Esta marea, que más parece un tsunami, está poniendo a prueba la fortaleza de nuestra fe y los fundamentos que la sostienen. Las nuevas generaciones de creyentes en Jesús y en las verdades bíblicas están muy adaptadas a la manera de pensar y vivir del presente siglo. Vemos una gran debilidad del hombre interior, −la vida espiritual−, que está actuando como disolvente de las convicciones, llevándonos a una permisividad nociva para el pueblo que debe ser luz y sal, y una pasividad que raya con la paralización.
Nos hemos adaptado, amoldado y conformado al estilo de vida mundano. Nos hemos rendido a la cultura del placer y la comodidad. Hemos asimilado métodos del sistema de este mundo, diseñado por el paganismo y la filosofía contraria a los valores y principios judeocristianos. Nos hemos dejado seducir por el silbido de la serpiente que susurra una vez más a nuestros oídos: «seréis como dioses», que nos desliza en la soberbia. Nos hemos confundido con el paisaje y perdido la fortaleza de nuestra fe, la fe que vence al mundo y su sistema de valores laxos, neutros en cuanto a moralidad, y relativista en cuanto a verdades absolutas.
El mundo nos ha vencido en muchos casos, y nuestra rendición la explicamos con argumentos eufemísticos como: «hay que adaptarse a los tiempos», «debemos ser abiertos a la sociedad, no fanáticos o radicales». Argumentos válidos en algunos casos, pero que han producido en buena medida la asimilación de una tolerancia a las formas de vida contrarias a las enseñanzas del Maestro. Nos hemos cansado de sufrir el rechazo por el evangelio y de ser impopulares y molestos, (buena parte de la nueva generación de creyentes ni sabe lo que es eso). No queremos molestar, ni ser raros, procuramos que no nos pongan etiquetas de retrógrados, conservadores o aburridos.
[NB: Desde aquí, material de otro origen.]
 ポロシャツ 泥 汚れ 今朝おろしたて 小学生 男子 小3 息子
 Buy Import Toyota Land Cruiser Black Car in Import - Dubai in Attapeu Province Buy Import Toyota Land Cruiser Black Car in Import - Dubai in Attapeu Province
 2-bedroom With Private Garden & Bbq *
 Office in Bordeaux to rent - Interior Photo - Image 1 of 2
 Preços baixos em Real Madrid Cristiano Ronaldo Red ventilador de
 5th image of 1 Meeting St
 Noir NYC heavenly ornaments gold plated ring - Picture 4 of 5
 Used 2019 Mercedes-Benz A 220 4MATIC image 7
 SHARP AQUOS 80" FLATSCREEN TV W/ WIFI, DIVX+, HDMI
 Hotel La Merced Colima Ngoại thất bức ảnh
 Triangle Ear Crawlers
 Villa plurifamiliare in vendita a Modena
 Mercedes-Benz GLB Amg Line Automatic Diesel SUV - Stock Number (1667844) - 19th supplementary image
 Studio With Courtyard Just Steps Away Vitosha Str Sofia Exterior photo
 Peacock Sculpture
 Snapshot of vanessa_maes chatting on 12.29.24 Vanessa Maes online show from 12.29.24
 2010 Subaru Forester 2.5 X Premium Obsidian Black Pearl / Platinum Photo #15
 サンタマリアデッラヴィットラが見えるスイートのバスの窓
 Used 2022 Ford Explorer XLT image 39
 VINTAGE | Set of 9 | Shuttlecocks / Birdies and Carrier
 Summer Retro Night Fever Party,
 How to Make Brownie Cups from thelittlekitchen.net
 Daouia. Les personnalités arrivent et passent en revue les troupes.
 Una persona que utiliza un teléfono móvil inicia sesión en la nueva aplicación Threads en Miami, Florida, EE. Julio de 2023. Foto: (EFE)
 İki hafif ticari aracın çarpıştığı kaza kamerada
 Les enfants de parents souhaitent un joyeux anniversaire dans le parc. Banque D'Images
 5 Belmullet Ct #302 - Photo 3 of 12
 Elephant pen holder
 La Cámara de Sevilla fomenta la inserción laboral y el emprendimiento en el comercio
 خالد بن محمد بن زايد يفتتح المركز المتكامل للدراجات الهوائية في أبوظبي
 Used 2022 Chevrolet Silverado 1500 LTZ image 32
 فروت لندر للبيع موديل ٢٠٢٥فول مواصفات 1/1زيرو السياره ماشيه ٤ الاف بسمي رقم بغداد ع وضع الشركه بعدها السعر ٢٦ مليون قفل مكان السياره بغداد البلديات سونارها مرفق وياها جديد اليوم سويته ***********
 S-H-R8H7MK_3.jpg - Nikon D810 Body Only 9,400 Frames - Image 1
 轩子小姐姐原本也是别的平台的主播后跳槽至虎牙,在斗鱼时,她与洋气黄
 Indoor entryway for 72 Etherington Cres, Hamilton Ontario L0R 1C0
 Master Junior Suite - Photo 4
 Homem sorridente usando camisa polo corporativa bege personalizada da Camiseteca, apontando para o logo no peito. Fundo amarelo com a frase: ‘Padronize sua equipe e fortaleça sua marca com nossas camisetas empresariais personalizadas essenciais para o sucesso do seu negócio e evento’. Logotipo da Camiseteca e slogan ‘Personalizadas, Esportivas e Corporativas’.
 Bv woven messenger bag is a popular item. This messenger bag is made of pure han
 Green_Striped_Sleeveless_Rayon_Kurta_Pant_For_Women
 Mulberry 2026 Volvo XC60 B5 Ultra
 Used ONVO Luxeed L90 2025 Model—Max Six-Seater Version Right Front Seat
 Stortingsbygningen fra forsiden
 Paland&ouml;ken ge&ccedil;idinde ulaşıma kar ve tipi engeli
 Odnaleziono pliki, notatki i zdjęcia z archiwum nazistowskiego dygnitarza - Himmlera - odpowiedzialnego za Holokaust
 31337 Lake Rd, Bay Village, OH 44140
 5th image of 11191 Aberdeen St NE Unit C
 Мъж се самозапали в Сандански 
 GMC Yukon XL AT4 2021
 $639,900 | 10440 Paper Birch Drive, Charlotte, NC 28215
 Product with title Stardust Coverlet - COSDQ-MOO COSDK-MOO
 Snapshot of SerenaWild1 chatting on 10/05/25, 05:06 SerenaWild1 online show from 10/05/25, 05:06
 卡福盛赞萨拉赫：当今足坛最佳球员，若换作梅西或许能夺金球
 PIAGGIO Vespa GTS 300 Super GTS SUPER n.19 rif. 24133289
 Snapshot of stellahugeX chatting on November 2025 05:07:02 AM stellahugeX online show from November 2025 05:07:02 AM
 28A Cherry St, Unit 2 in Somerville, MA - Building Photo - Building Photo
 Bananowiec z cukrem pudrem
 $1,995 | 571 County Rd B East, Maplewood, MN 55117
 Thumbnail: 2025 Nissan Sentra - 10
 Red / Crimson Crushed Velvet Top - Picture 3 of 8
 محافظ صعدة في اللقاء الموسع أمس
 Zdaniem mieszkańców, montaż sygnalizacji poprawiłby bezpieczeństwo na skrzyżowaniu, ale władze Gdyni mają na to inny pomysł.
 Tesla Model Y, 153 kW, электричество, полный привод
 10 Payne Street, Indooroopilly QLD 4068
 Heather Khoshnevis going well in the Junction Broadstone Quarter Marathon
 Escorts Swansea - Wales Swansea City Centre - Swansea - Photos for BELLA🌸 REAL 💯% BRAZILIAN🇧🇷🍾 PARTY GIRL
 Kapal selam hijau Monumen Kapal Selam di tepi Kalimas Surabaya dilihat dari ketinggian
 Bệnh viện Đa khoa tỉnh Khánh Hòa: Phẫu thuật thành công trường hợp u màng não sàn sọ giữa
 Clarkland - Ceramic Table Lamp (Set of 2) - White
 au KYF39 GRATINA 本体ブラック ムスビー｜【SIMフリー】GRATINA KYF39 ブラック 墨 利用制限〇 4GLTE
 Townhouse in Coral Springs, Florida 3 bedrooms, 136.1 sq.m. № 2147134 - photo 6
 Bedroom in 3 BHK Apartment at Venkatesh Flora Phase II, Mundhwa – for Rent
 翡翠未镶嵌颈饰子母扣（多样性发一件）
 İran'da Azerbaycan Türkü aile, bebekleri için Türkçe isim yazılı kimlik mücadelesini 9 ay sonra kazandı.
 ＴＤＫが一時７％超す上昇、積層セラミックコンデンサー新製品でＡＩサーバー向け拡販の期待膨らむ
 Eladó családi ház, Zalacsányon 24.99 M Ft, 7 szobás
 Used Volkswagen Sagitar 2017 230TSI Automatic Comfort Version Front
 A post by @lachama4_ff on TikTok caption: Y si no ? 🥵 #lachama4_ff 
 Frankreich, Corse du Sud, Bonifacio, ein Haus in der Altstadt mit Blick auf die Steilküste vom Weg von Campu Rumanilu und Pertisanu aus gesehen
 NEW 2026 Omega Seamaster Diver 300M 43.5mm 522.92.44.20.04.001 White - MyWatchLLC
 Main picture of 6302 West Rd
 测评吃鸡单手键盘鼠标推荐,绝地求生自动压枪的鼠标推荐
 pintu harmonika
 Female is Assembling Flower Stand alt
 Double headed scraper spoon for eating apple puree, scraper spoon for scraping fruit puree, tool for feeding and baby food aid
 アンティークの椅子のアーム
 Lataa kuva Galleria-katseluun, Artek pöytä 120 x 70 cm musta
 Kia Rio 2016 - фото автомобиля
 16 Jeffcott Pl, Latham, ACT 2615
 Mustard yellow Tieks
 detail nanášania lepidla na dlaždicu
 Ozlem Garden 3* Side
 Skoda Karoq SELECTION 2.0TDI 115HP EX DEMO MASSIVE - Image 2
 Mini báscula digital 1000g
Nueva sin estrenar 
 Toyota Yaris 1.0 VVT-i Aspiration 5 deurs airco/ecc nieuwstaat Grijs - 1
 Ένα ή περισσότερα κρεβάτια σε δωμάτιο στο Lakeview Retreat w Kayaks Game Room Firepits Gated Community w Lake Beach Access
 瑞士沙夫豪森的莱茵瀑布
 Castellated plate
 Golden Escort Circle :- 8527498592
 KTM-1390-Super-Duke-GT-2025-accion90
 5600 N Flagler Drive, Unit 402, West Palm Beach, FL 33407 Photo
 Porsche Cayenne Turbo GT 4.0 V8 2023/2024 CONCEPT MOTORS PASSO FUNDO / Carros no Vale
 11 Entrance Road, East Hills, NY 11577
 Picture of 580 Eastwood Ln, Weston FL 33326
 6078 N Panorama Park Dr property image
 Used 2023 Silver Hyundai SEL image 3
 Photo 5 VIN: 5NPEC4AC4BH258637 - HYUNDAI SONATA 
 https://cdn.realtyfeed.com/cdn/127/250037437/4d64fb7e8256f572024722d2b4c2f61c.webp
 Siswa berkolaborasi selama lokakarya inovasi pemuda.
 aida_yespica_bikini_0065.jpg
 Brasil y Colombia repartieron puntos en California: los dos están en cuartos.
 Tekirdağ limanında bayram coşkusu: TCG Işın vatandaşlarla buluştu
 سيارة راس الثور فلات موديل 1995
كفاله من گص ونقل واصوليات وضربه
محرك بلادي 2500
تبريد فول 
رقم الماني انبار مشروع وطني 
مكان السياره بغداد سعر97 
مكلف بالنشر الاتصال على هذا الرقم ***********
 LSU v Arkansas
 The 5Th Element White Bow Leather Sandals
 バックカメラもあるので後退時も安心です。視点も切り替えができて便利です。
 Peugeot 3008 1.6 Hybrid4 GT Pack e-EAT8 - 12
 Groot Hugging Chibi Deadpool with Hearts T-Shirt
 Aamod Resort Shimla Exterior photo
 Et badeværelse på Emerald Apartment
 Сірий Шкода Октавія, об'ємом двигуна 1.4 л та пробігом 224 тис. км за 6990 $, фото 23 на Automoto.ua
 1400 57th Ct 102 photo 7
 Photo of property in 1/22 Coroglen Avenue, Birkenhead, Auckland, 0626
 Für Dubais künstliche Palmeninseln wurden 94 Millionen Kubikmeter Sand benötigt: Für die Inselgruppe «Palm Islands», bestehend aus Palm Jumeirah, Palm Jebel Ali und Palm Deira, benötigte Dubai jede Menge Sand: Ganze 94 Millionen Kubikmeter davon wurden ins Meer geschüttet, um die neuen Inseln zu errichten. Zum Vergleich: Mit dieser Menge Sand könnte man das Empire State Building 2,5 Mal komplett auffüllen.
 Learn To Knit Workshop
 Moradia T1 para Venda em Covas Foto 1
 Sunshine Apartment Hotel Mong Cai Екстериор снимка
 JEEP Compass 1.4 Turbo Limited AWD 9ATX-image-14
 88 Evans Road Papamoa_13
Hemos imitado los métodos comerciales de marketing para conseguir resultados a cualquier precio. El fin ha justificado los medios en muchos casos, y hemos recogido una cosecha de vanidad y arrogancia por los números. El brillo del poder por la cantidad nos ha cegado, olvidando la calidad de una vida rendida a la voluntad de Dios. Asistimos complacientes al espectáculo de respetar a políticos corruptos para mendigar un poco de reconocimiento y subvención. Vivimos muy lejos de aquellos profetas de la antigüedad que apuntaban con el dedo a los gobernantes que llevaban al pueblo lejos de Dios, y por tanto a sus juicios; y esto con el argumento de no meternos en política. Aquí no se trata de políticas de un signo u otro, sino de leyes impías que forman autopistas inmensas para el pecado de una nación, y por ello, un camino de muerte y destrucción. Está escrito: La justicia engrandece a la nación; mas el pecado es afrenta de las naciones [1].